- [EXERCISE MATERIALS]:
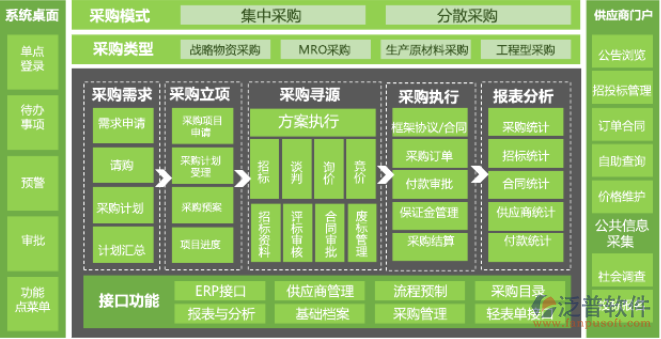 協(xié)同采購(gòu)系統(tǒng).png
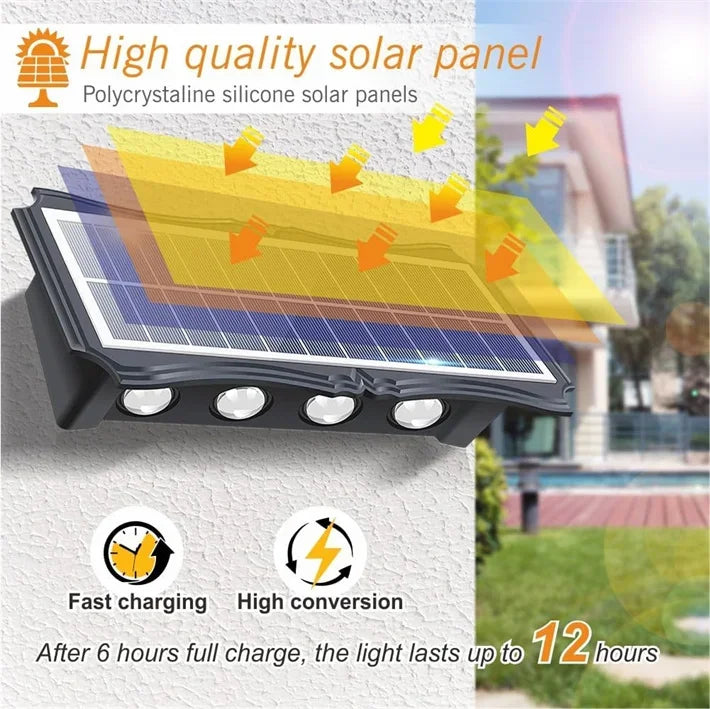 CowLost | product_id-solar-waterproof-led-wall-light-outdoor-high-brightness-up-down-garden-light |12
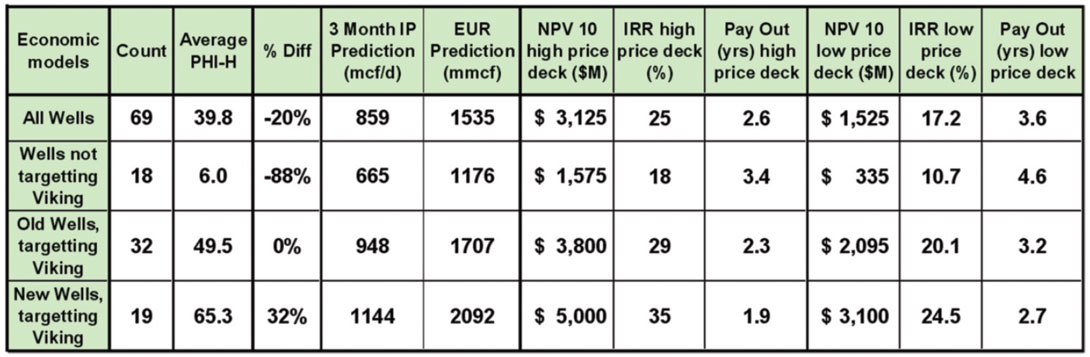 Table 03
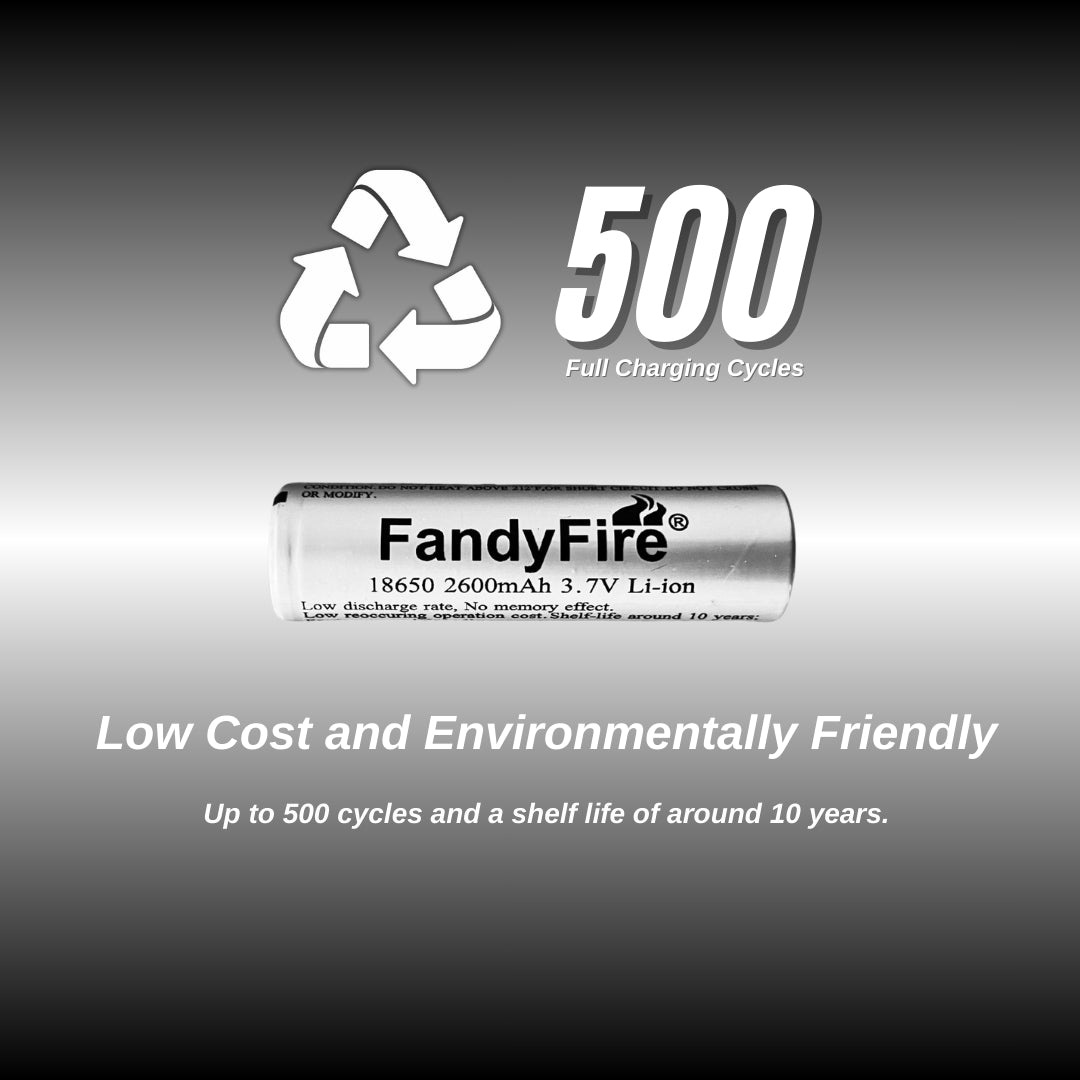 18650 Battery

--

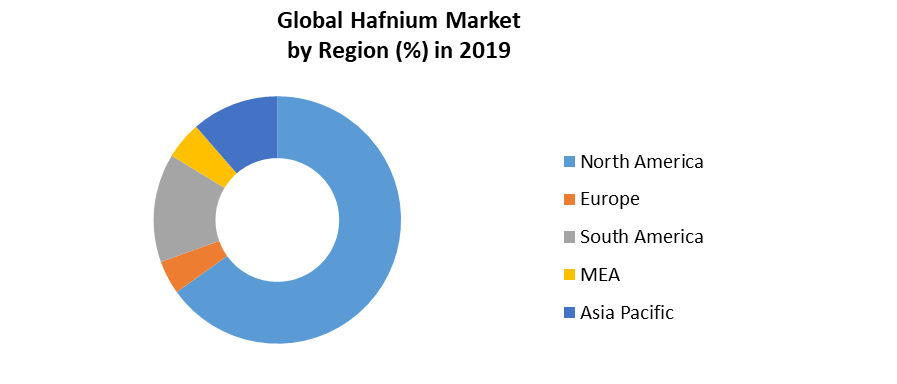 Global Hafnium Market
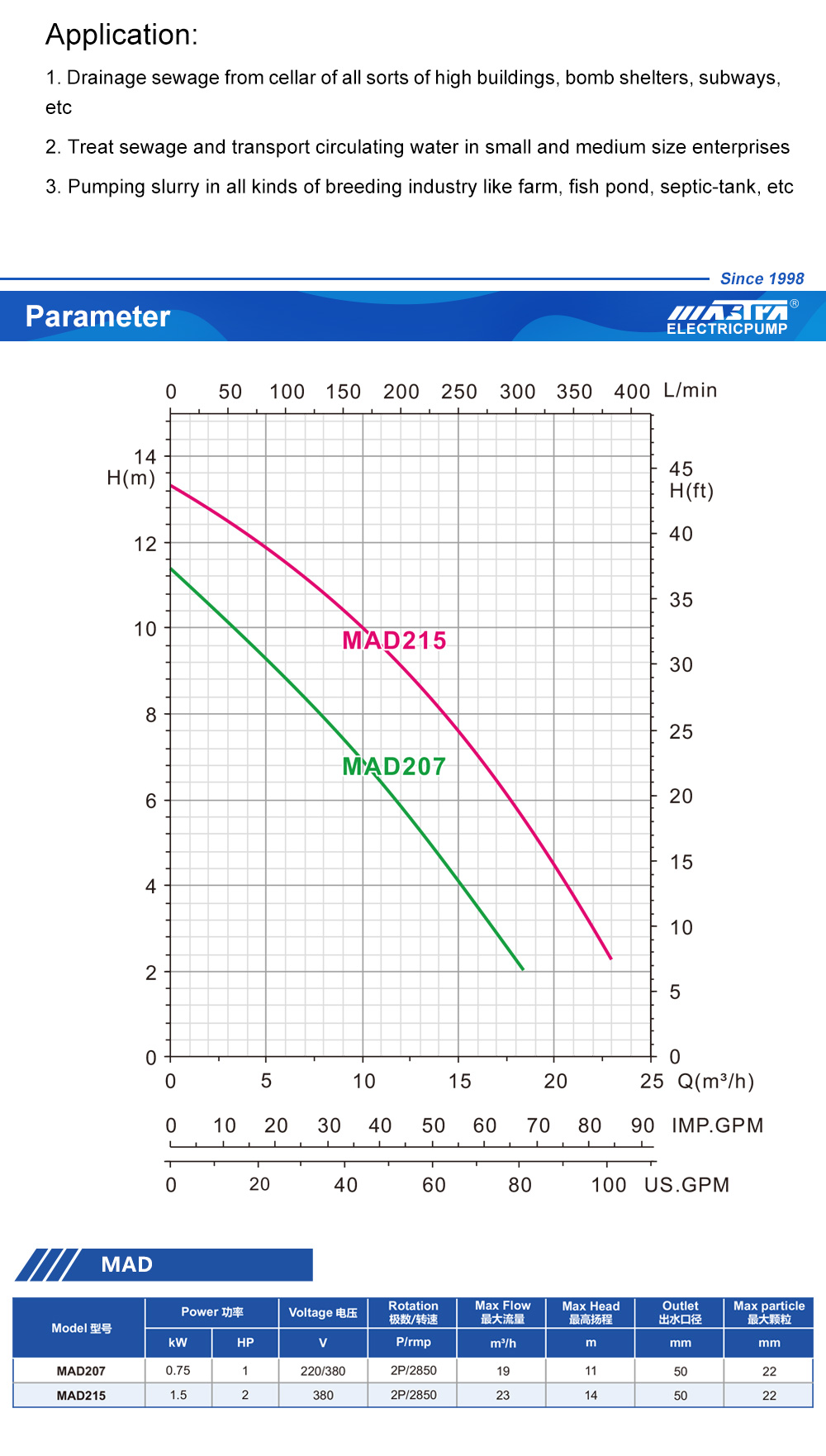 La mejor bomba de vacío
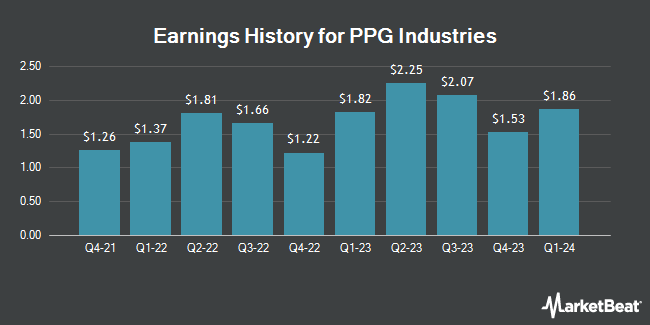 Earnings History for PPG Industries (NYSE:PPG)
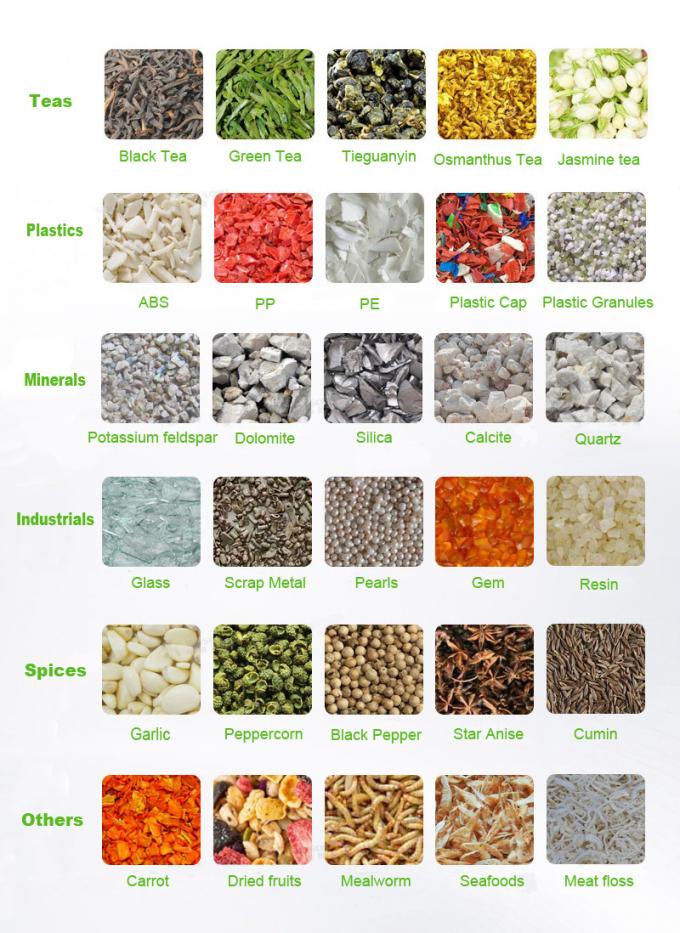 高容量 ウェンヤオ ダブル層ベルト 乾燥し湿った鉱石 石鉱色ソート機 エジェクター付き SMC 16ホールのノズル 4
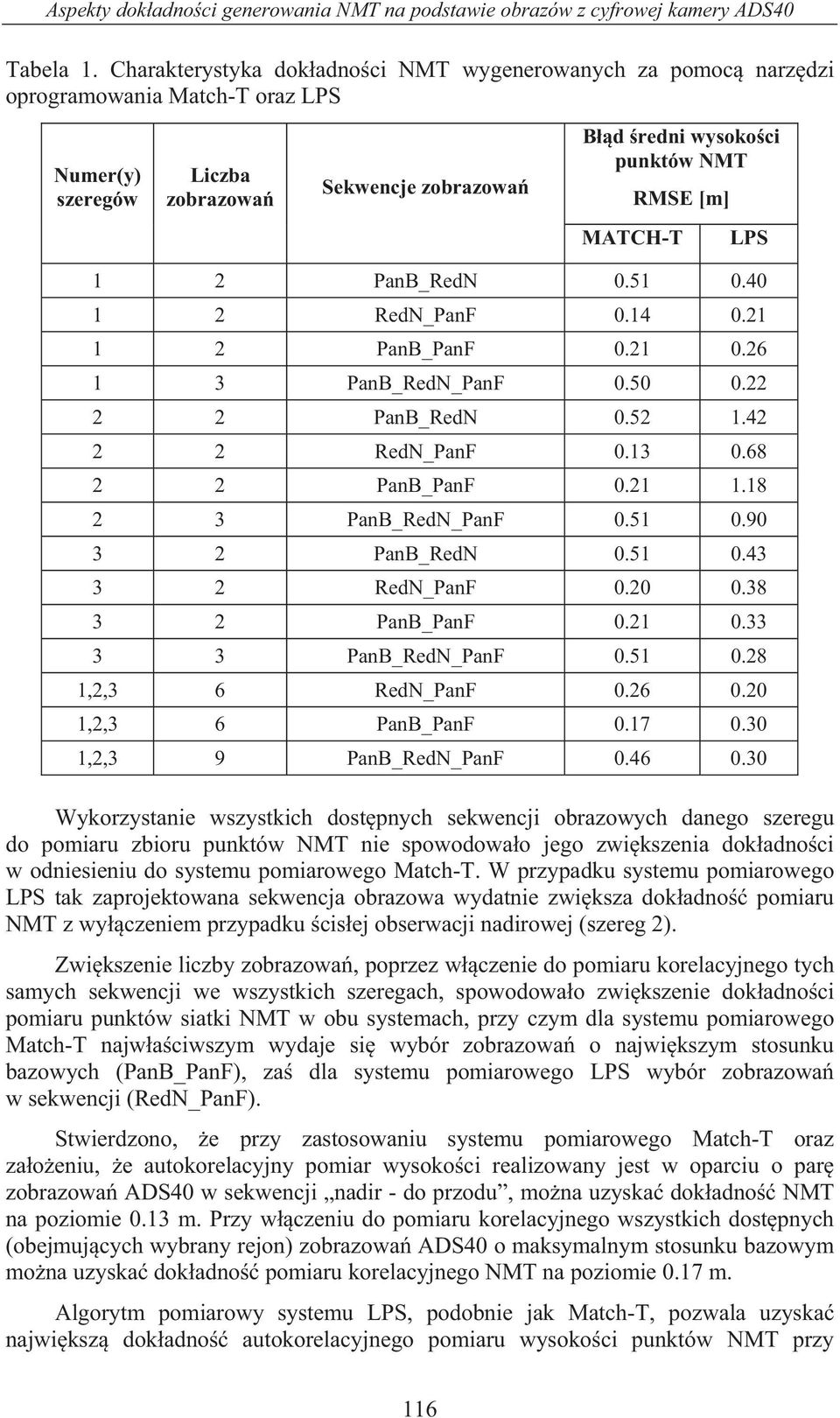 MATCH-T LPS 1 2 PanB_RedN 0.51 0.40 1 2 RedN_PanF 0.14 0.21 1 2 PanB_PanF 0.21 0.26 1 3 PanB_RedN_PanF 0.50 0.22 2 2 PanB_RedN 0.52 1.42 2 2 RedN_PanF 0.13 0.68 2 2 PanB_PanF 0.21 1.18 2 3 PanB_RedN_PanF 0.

==

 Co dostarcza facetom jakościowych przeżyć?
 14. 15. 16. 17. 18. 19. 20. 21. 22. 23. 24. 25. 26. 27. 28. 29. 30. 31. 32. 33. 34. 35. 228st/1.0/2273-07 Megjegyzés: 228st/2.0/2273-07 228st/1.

- [WHAT IS BEING ASKED]:
Using the data above, output the line that has "協(xié)同采購(gòu)系統(tǒng).png", the line that has "18650 Battery", and whatever lines fall between, each exactly as it stands and without pictures.

- [REPLY TO THE EXERCISE]:
 協(xié)同采購(gòu)系統(tǒng).png
 CowLost | product_id-solar-waterproof-led-wall-light-outdoor-high-brightness-up-down-garden-light |12
 Table 03
 18650 Battery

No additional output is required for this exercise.